## Problem:
From the first line to the last, copy the data exactly and drop the pictures.

## Dataset excerpt:
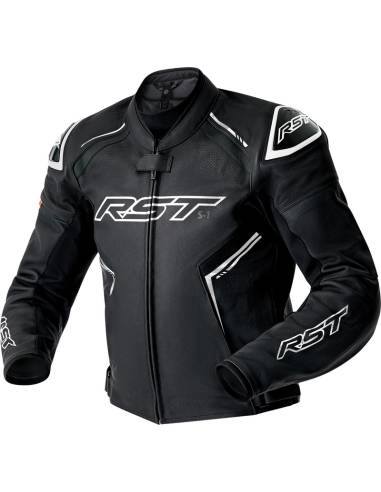 Chaqueta Cuero RST S1 D30 Negro/Blanco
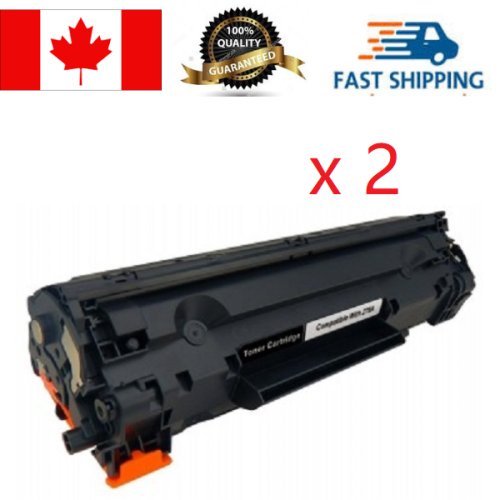2 Pack CANON 128 BLACK TONER CARTRIDGE – COMPATIBLE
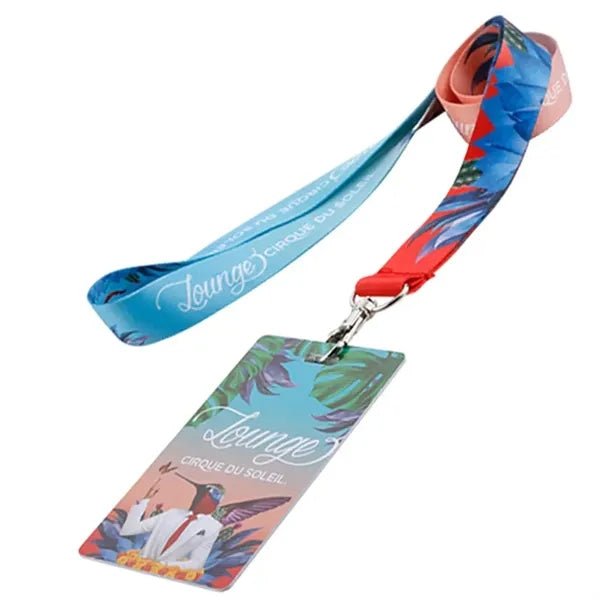 Sublimation Printing Lanyard with Badge Holder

## Expected output:
 Chaqueta Cuero RST S1 D30 Negro/Blanco
2 Pack CANON 128 BLACK TONER CARTRIDGE – COMPATIBLE
 Sublimation Printing Lanyard with Badge Holder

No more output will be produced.